Text from Parker to Dara

Hey.

I don’t know why I’m texting you.

Actually, I do know why.

I really miss you, Dara.

JULY 28

Dara

Before we were born, the master bedroom was downstairs, and featured an en-suite bathroom with a massive Jacuzzi tub and cheesy gold fixtures. The bedroom was converted first into a den, and then into a combined office/massive closet for all the random shit we accumulated and then outgrew: paper shredders and defunct fax machines, broken iPads and old phone cords, a dollhouse that Nick was obsessed with for .5 seconds before deciding that dolls were “immature.”

But the tub is still there. The jets stopped working when I was about five and my parents never bothered to replace them, but with the water running from all four faucets, the noise is thunderous and has almost the same effect. The soap dish is shaped like a scalloped seashell. There are divots in the porcelain where you can rest your feet. And for about ten years, my mom has kept the same jar of lemon verbena bath salts perched next to the tub, the label so warped with steam and vapor it has become unreadable.

When we were little, Nick and I used to put on our bathing suits and take baths together, pretending that we were mermaids and it was our private lagoon. Somehow the fact that we wore bathing suits—and goggles, too, sometimes, so we could go under and blink at each other, communicating through hand gestures and laughing out big bubbles—made it fun. We were so small we could both stretch out easily, side by side, her feet at my head and vice versa, like two sardines packed together.

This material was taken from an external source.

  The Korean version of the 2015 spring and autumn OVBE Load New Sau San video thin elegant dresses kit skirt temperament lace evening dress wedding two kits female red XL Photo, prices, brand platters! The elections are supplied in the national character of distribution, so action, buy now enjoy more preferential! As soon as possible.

Tonight, after I’ve completed the ritual—all four faucets running, a scoop and a half of lemon verbena, wait until the water’s so hot it turns my skin pink, then ease in and turn the faucets off one by one—I take a deep breath and go under. Almost instantly my pain evaporates. My broken put-together body turns weightless, my hair fans out behind me, brushing my shoulders and arms, tendril-like. I listen for echoes, but all I hear is the rhythm of my heart, which sounds both loud and strangely distant. Then a secondary rhythm joins the first.

Boom. Boom. Boom.

The sound reaches me even underwater. Someone is knocking—no, pounding—at the front door. I sit up, gasping a little.

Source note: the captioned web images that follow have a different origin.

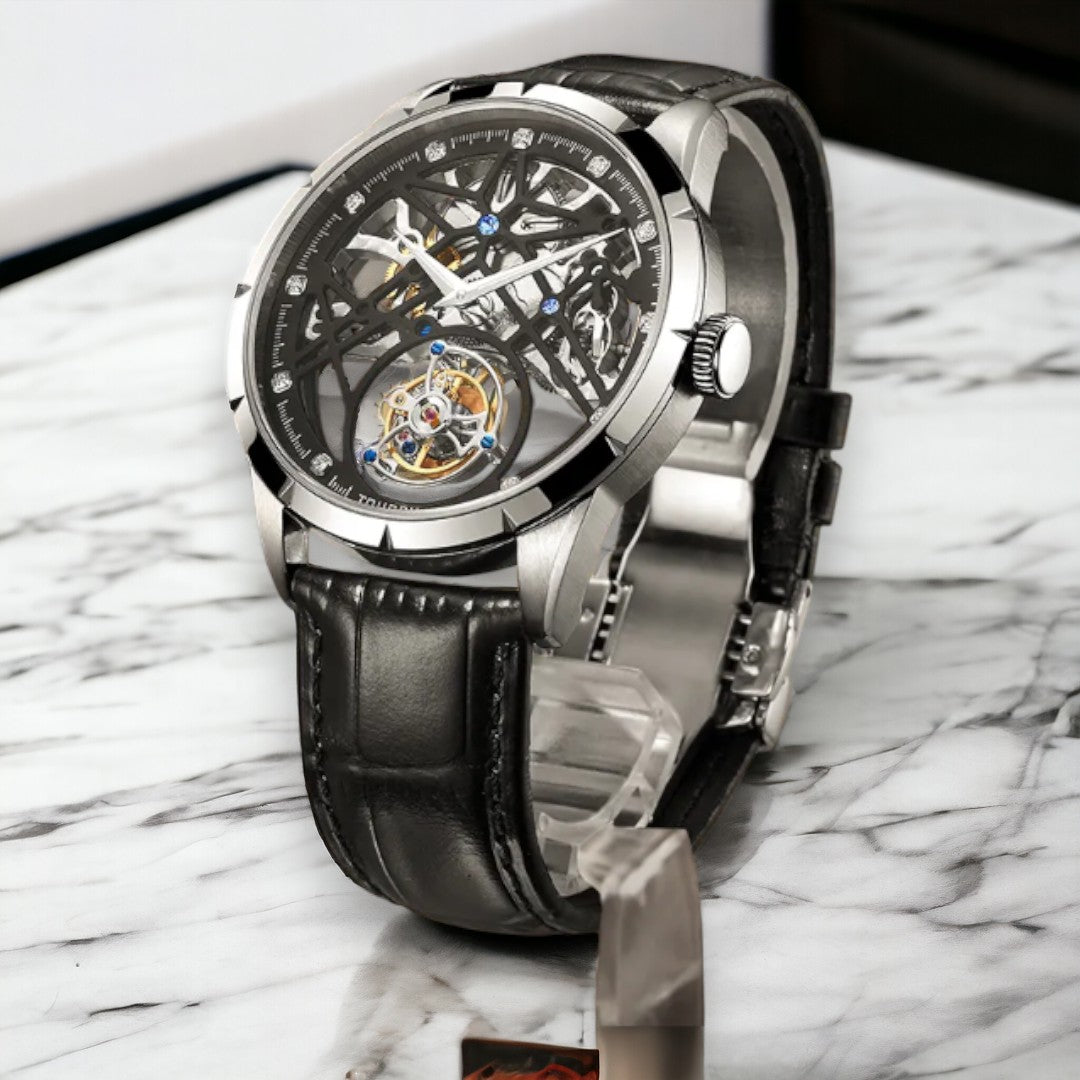 Custom Double Tourbillon Skeleton Mod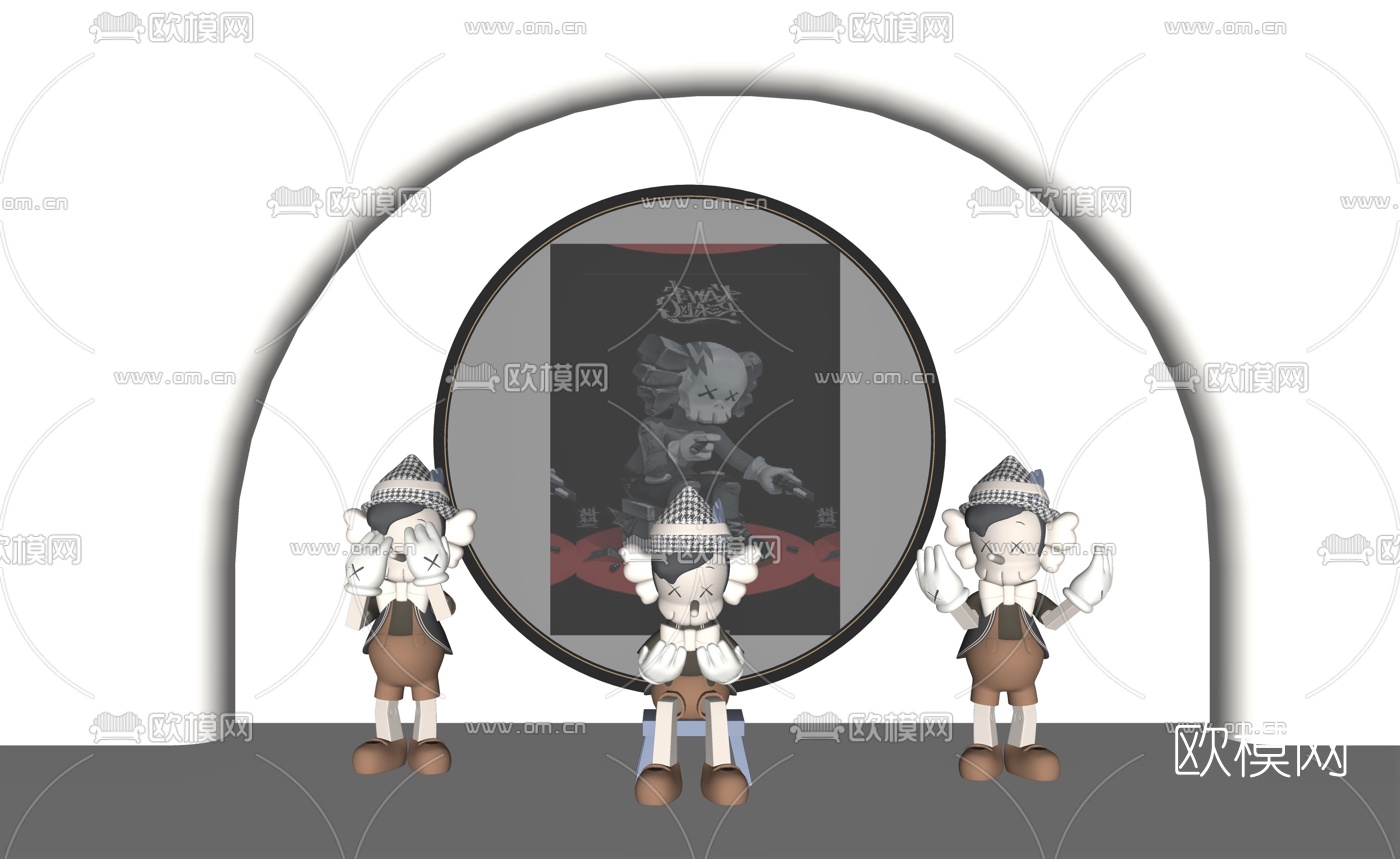 现代KAWS公仔su模型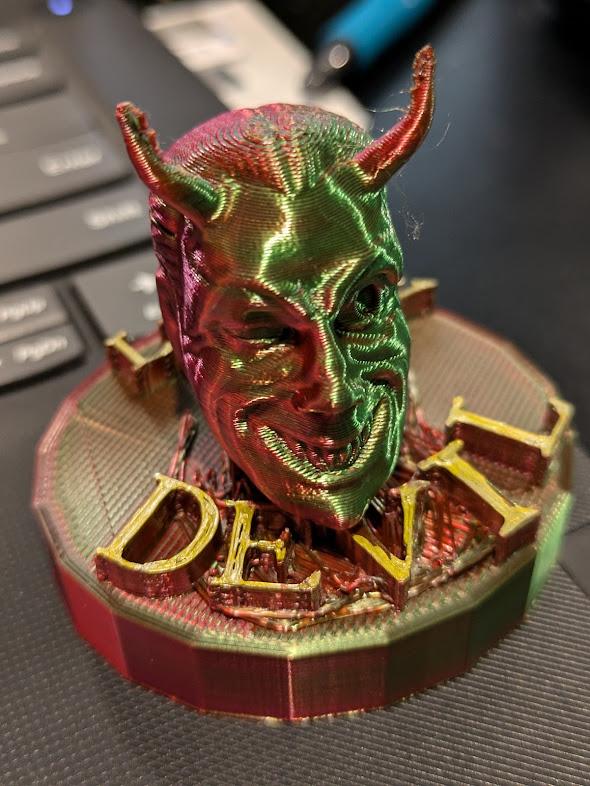 LUCKY DEVIL CARD GUARD 3d model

There’s a temporary break in the knocking, and for a moment I think, optimistically, that it was a mistake. Some drunk kid has mistaken our house for a friend’s. Or maybe it was a dumb prank.

But then it happens again, slightly quieter but still insistent. It can’t be Nick; I’m almost positive Nick is home and asleep, no doubt mentally preparing for our family dinner tomorrow. Besides, Nick knows we keep a spare key under a fake rock next to the planter, like every other family in America.

Annoyed, I haul myself out of the tub, moving carefully on legs that go quickly stiff. Shivering, I towel off, then pull on a pair of thin cotton sleep pants and an old Cougars T-shirt that belonged to my dad in high school. My hair hangs wetly down my back—no time to dry it properly. I grab my phone from the back of the toilet. 12:35.

In the hallway, the latticed windows cut the moonlight into geometric patterns. Someone is moving just beyond the glass, backlit by the porch light. For just a second I hang back, afraid—thinking, irrationally, of Madeline Snow, of hysterical rumors about perverts and predators and girls caught unawares.

Then someone cups a hand to the window to peek inside, and my heart contracts. Parker.

Even before I open the door, it’s obvious he’s drunk.

“You,” he says. He leans heavily against the house, likely to keep himself on his feet. With one hand, he reaches out as if he’s going to touch my face. I jerk away. Still, his hand lingers in the air, hovering like a butterfly. “I’m so glad it’s you.”

I ignore the words—I ignore how good they feel, how badly I’ve wanted to hear them. “What are you doing here?”

“I came to see you.” He straightens up, runs a hand through his hair, swaying a little on his feet. “Shit. I’m sorry. I’m drunk.”

“That’s obvious.” I step out onto the porch, easing the door shut behind me, and cross my arms, wishing now that I weren’t wearing my dad’s old T-shirt, that my hair weren’t wet, that I had a bra on, for Christ’s sake.